▶ Task directions:
The line containing "XE LÀM BUỒNG E23-J" marks the start. Return it and every later line of the listing below exactly, ending with the last one.

::::

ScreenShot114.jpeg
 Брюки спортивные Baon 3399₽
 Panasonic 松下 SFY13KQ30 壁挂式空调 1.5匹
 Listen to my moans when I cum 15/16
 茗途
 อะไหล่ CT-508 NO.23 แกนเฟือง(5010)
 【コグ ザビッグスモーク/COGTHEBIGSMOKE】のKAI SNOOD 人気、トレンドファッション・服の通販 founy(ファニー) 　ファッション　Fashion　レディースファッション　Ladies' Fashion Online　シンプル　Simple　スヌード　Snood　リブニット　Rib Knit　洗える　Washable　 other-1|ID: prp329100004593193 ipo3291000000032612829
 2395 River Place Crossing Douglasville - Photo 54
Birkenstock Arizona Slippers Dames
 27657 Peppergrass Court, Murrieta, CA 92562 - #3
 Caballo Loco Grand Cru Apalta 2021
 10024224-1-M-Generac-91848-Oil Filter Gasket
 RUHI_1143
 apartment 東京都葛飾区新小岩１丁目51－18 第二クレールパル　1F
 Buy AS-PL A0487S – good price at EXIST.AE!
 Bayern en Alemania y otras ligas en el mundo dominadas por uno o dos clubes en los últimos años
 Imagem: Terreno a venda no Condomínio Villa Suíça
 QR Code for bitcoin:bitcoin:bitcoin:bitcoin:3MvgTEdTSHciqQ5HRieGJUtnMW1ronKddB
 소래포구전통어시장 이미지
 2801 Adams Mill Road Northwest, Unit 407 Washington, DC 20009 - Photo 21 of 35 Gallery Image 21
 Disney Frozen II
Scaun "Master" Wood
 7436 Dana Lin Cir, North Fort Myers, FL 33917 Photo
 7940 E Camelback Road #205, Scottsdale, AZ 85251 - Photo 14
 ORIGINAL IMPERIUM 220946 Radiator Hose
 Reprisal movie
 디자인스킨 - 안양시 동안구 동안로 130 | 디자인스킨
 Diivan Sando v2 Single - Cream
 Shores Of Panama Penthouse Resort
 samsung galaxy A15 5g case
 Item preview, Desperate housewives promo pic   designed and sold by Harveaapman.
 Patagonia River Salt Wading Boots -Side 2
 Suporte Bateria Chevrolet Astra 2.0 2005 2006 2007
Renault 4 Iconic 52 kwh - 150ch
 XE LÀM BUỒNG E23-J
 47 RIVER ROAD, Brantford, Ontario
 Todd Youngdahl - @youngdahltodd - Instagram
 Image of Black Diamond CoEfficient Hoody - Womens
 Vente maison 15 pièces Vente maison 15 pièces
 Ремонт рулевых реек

::::

▶ Solution to this problem:
 XE LÀM BUỒNG E23-J
 47 RIVER ROAD, Brantford, Ontario
 Todd Youngdahl - @youngdahltodd - Instagram
 Image of Black Diamond CoEfficient Hoody - Womens
 Vente maison 15 pièces Vente maison 15 pièces
 Ремонт рулевых реек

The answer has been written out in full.